Now, the couple were worried because they might miss even the last bus on the route. They were helpless and miserable because they had lost a handbag with a handsome amount of cash and a mobile phone. Pratibha had carried a one-hundred-thousand-rupee bundle for shopping in the wholesale market in Kathmandu for her retail readymade wear shop back in her town. The couple had planned to visit various places in the valley before returning to their hometown. But now, everything was gone! Their whole plan that they had designed and embroidered so wholeheartedly had been ruined by this single fateful incident, which took just a few seconds to unfold. They were shocked and sorry. It all happened so quickly! As if they had had a nightmare.
“Thankot … Thankot … Thankot …”
The bus helper was yelling again to call more passengers. He was not satisfied yet, although the bus was already overcrowded. It was the last bus on that route. So, the couple had no other option but to get on the bus again. They kept eyeing the passengers around them warily and painfully. Both maintained sobriety.
The street and traffic lights were shining bright against the darkness. The driver was stopping the bus frequently here and there. The other passengers were busy with their own affairs. A lady nearby was talking on her phone with somebody about her recent purchase of IPOs of a certain hydropower company. Two middle-aged men sitting in front were drunk and pungent-smelling. Both were fuzzy-haired and shabbily dressed. One man leaned on the other’s shoulder. The other’s head rested on the back of the seat. Both were snoring. The din inside the minibus was high. It felt as if everybody was talking to everybody. The unrhythmic sounds of the horns were ear-piercing. The poor couple were clutching the iron pole in the aisle of the minibus.
Pranaya was trying to cover Pratibha with his body against any ill-intentioned man attempting a bad touch. He was also worried about her agony of losing her handbag with cash and a new mobile phone. He himself was going through an ordeal, which added to the load on his backpack. The whole journey was going to be too long to reach their destination.

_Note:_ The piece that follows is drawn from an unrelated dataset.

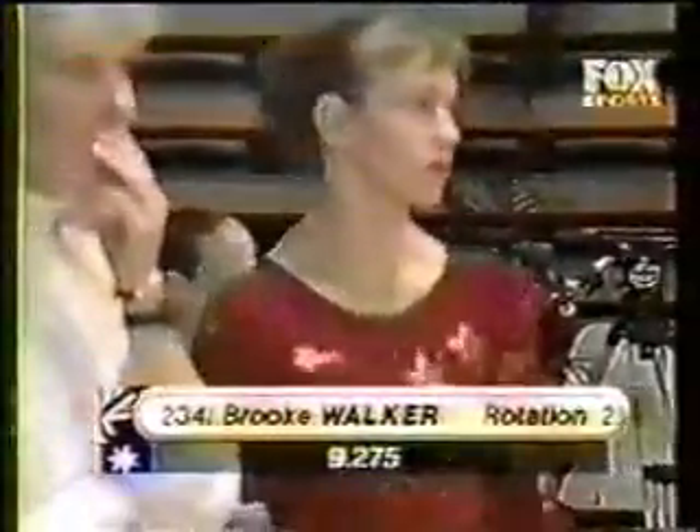Good scoring for Brooke Walker: 9.275. These young competitors showing great maturity. Now on the floor from under...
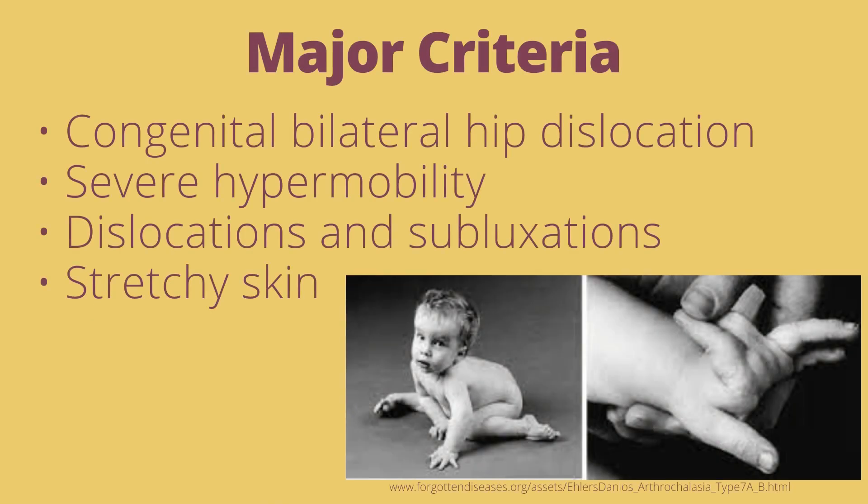The major criteria includes congenital bilateral hip dislocation, severe hypermobility, dislocations and subluxations, and stretchy skin.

Some people laughed at the couple’s plight. Somebody expressed pity on them, with some mockery. Pratibha was trying to explain to everyone around what had happened. Pranaya felt irritated at this and kept jerking her up from time to time to stop her.
The couple had gotten off a local bus at Ratna Park at around six that evening. Earlier, they had arrived at Koteshwor at around 4 by a day bus. The sun had already gone down the hills in the west, and the daylight had already lost its brightness. So, they were in a hurry to reach their destination, Thankot, as quickly as possible.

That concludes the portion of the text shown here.